Magnetic and nonmagnetic fraction composition was determined from optical measurements of iron oxide concentration by absorbance on the aqueous dispersions and HY3G concentration by fluorescence after extraction with DMF solvent. Concentration determination for iron oxide primary colloids is based on 400 nm absorbance measurements where there is some background particle scattering, however the iron oxide molar extinction is much larger and dominates the signal (see ESI,† Section S1 and Fig. S1, S2) of the absorbance measurement. HY3G concentration was determined by extracting 100 μL of dispersion in 900 μL of DMF and measuring HY3G fluorescence (excitation 458 nm, emission 510 nm). All polymer species are soluble in DMF while the oleate-coated iron oxide primary colloids are not dispersible in DMF; dilution in DMF dissolves the fluorescent dye and precipitates the strongly absorbing iron oxide which allows measurement of only the HY3G concentration. HY3G is a proxy for the hydrophobic polymer, due to the high solubility of the dye in the polymer.⁴¹ Fluorescence intensity is readily converted to concentration using a calibration curve of HY3G dissolved in 10 : 90 water : DMF solvent. All absorbance and fluorescence measurements were performed on a SpectraMax i3x plate reader (Molecular Devices, San Jose, CA) using a quartz, solvent-resistant plate. Selected NPs were prepared for TEM analysis by lyophilizing NP dispersions on flat carbon TEM grids as previously described for imaging with a Talos F/X 200 S/TEM microscope with NPs stained by ruthenium tetroxide vapors to make the PS domains visible alongside the iron oxide primary colloids.⁴⁵

3. Results & discussion

We present the results in five sections: (1) characterization of the iron oxide primary colloids, (2) sizes of the composite NPs, magnetic fractions, and the nonmagnetic fractions as a function of feed compositions, (3) compositions of the magnetic and nonmagnetic NP fractions in terms of the ratio of organic to inorganic components, (4) TEM analysis of the inorganic colloids in the NP cores, and finally (5) the model of the assembly process that accounts for the diffusion limited aggregation of unequal sized species, based on a characteristic time scale for colloidal diffusion.

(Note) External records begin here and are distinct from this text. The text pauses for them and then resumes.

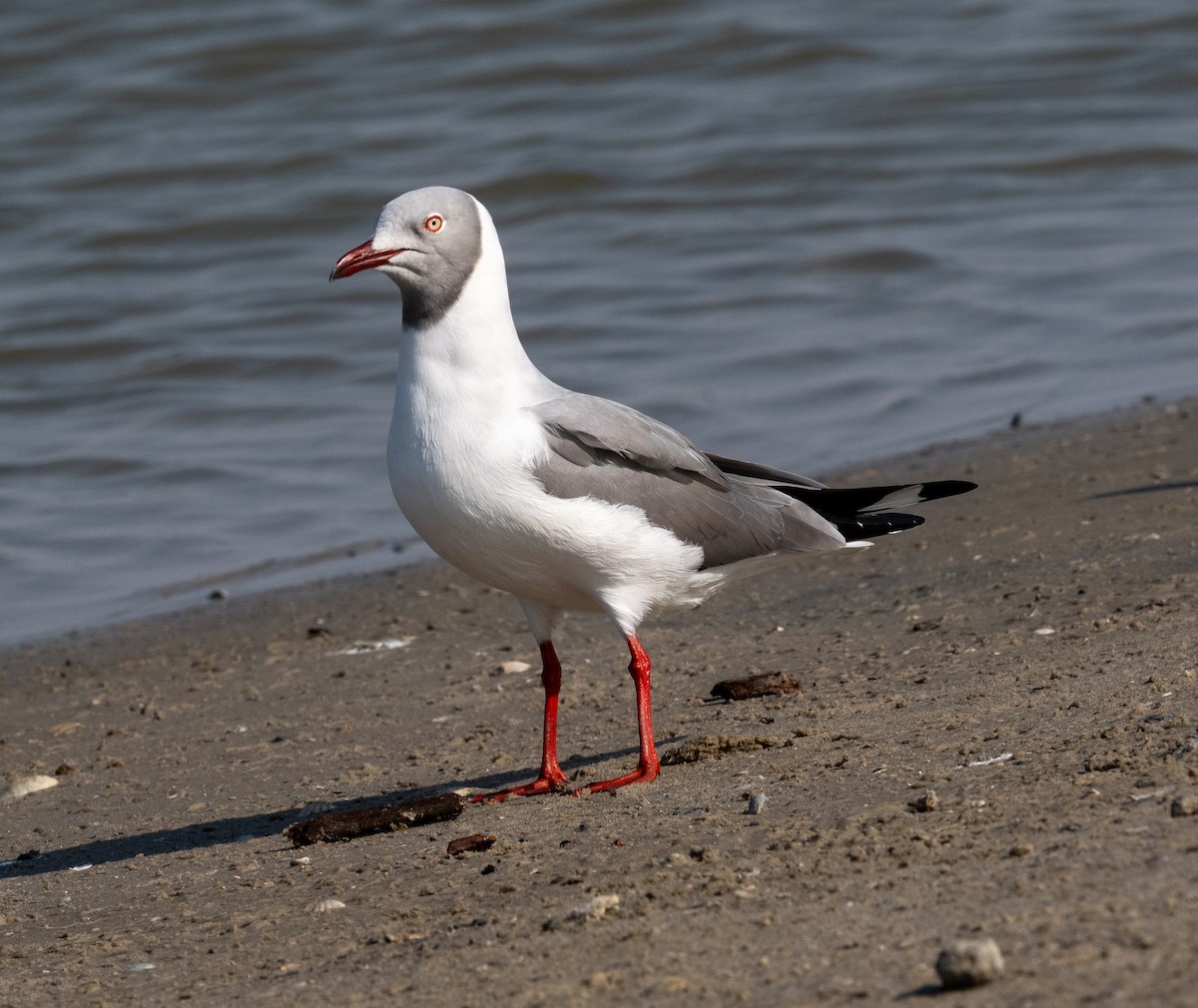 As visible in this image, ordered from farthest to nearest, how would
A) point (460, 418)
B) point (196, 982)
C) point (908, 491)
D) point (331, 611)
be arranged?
point (331, 611) < point (908, 491) < point (460, 418) < point (196, 982)

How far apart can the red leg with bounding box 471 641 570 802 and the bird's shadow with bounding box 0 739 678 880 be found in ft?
0.31

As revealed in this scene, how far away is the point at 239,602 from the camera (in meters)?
8.67

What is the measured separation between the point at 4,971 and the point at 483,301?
237 cm

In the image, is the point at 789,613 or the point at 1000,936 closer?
the point at 1000,936

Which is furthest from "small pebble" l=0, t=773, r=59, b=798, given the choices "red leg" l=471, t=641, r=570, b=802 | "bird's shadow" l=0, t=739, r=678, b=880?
"red leg" l=471, t=641, r=570, b=802

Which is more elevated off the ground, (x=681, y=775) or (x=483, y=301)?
(x=483, y=301)

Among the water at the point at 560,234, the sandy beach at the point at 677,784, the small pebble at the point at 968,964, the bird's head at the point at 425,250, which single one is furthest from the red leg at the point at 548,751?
the water at the point at 560,234

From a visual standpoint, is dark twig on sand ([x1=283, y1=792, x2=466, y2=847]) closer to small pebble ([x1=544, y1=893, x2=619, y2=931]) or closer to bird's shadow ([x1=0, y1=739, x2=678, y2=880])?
bird's shadow ([x1=0, y1=739, x2=678, y2=880])

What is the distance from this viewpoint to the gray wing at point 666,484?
5.24 meters

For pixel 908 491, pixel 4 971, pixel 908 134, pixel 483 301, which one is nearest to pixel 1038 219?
pixel 908 134

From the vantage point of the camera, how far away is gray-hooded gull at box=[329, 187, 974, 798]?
5086 millimetres

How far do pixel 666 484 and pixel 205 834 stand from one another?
182cm

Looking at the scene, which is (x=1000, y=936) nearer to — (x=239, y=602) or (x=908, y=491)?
(x=908, y=491)

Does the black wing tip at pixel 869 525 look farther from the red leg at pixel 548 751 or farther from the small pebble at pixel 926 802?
the small pebble at pixel 926 802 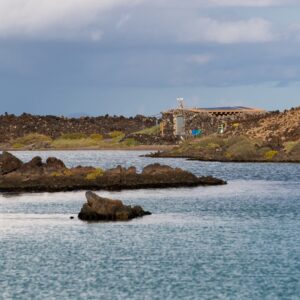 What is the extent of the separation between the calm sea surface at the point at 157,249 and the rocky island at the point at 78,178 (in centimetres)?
651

3.1. Iron oxide primary colloids

Iron oxide colloids were produced in three different sizes as primary colloids for encapsulation into larger, composite NPs containing organic small molecules and polymers. Use of a high-temperature thermal decomposition method afforded high quality Fe₃O₄ particles with monodisperse average diameters adjustable from 5.5 nm to 28.7 nm, as shown in Fig. 2, with strongly adsorbed oleate coatings. The size distribution histograms in Fig. 2 show that each size classification of iron oxide primary colloid has negligible overlap with other distributions, allowing independent interrogation of iron oxide size effects on NP formation. Functional biomedical colloids are commonly encountered over this full size range due to the linkage between colloidal dimensions and electromagnetic properties. The dense oleate coating (quantified by thermogravimetric analysis, ESI,† Section S2 and Fig. S3–S5) renders these colloids dispersible in solvents such as hexane, ethyl acetate, toluene, and tetrahydrofuran (THF). Notably, acetone and N,N-dimethylformamide are not dispersants for these colloids but are solvents for the polymer and dye components. The increasing diameter of the primary iron oxide colloid affects the overall density of the colloid due to the increasing size of the nanocrystal core relative to the constant-thickness oleate coating shell. From TGA measurements the small colloids are 48.5 ± 0.7 wt% iron oxide, the medium colloids are 62.4 ± 1.6 wt%, and the large colloids are 81.0 ± 2.5 wt% iron oxide. This gives the small, medium, and large iron oxide colloids a density of 1.56, 1.98, and 3.11 g mL⁻¹ respectively as listed in Table S1 (ESI†).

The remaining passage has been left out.